▸ Task description:
Print only the lines from the one with "Dịch vụ thuê" through the end of the data, exactly, and please omit pictures.

▸ Source material:
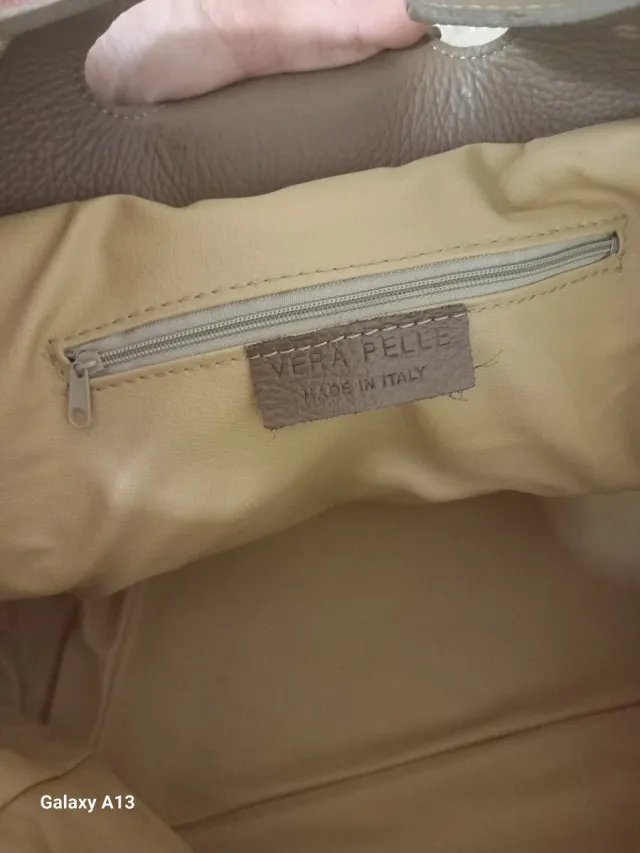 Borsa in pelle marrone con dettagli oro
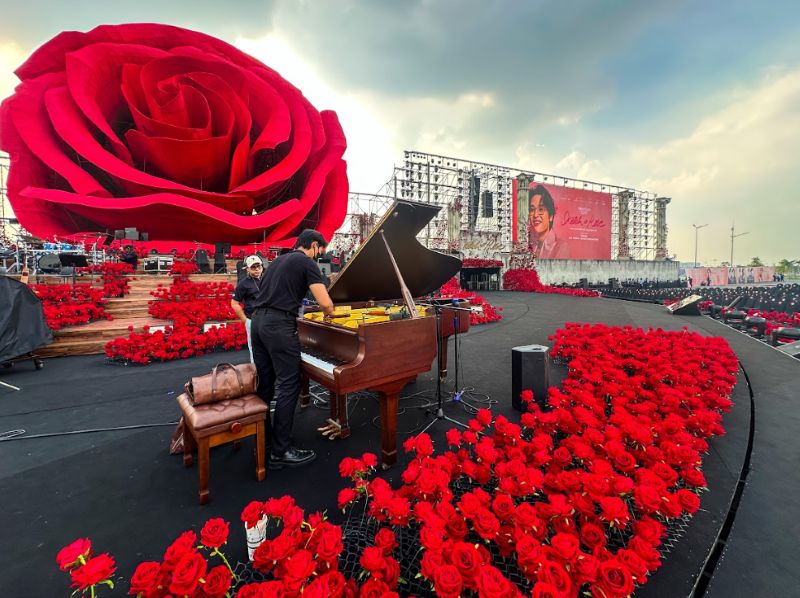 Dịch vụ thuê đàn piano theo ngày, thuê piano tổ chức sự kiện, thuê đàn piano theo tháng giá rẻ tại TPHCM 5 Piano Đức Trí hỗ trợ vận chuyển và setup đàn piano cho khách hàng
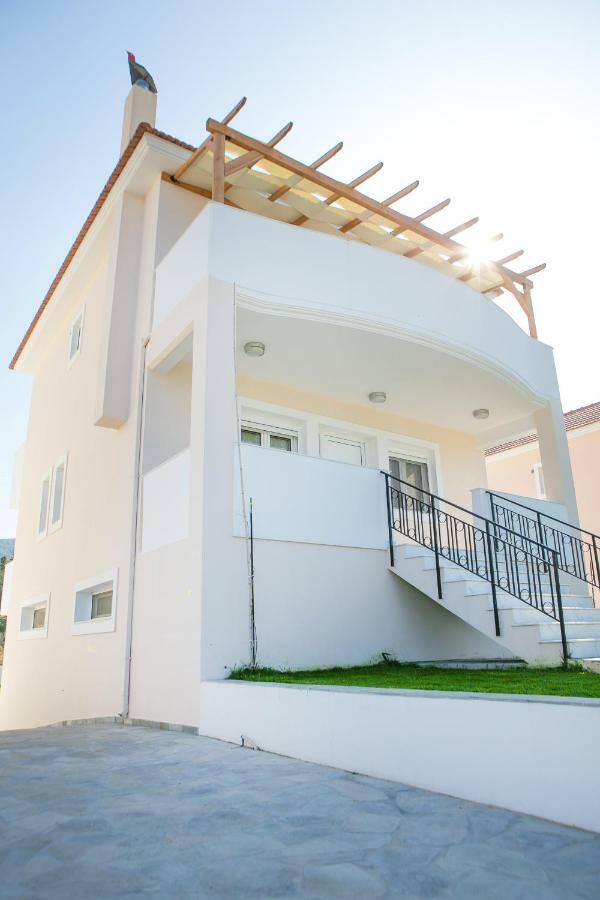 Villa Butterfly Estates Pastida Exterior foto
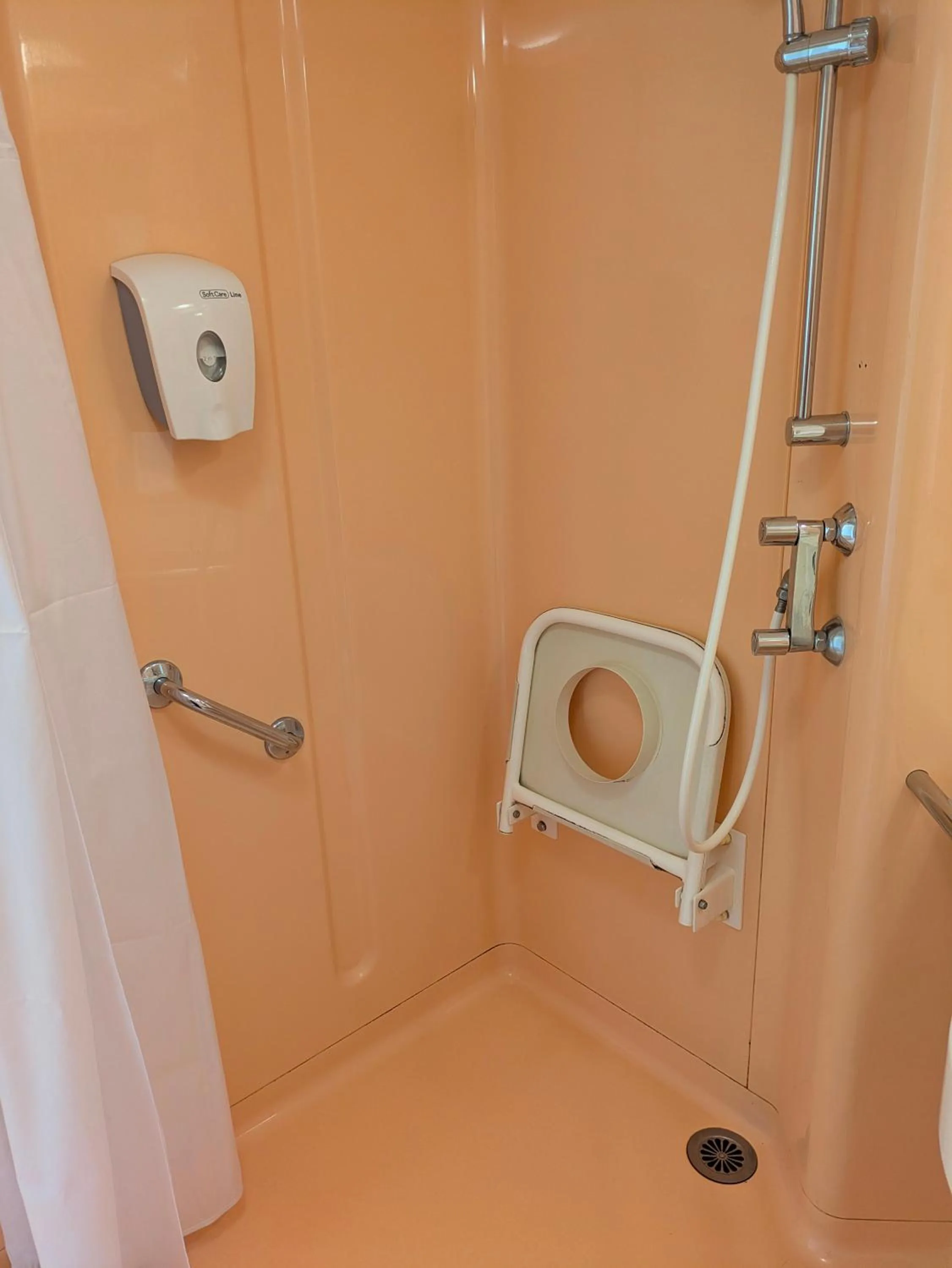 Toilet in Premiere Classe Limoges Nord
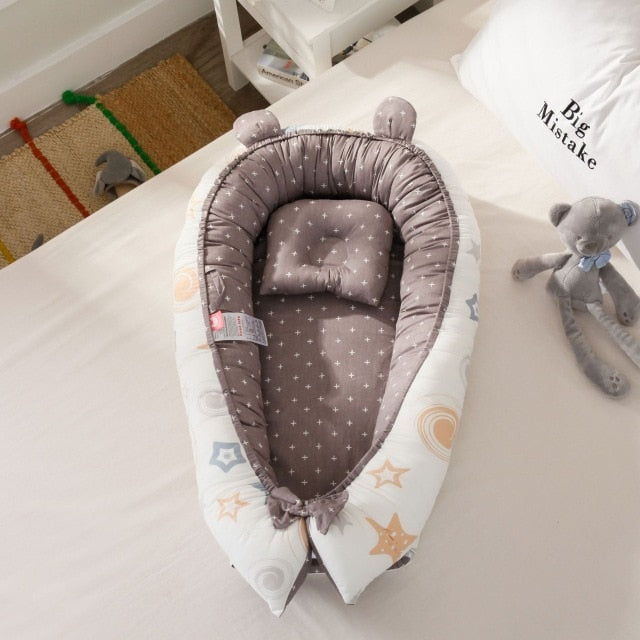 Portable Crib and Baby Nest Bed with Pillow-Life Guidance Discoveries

▸ Exercise response:
 Dịch vụ thuê đàn piano theo ngày, thuê piano tổ chức sự kiện, thuê đàn piano theo tháng giá rẻ tại TPHCM 5 Piano Đức Trí hỗ trợ vận chuyển và setup đàn piano cho khách hàng
 Villa Butterfly Estates Pastida Exterior foto
 Toilet in Premiere Classe Limoges Nord
 Portable Crib and Baby Nest Bed with Pillow-Life Guidance Discoveries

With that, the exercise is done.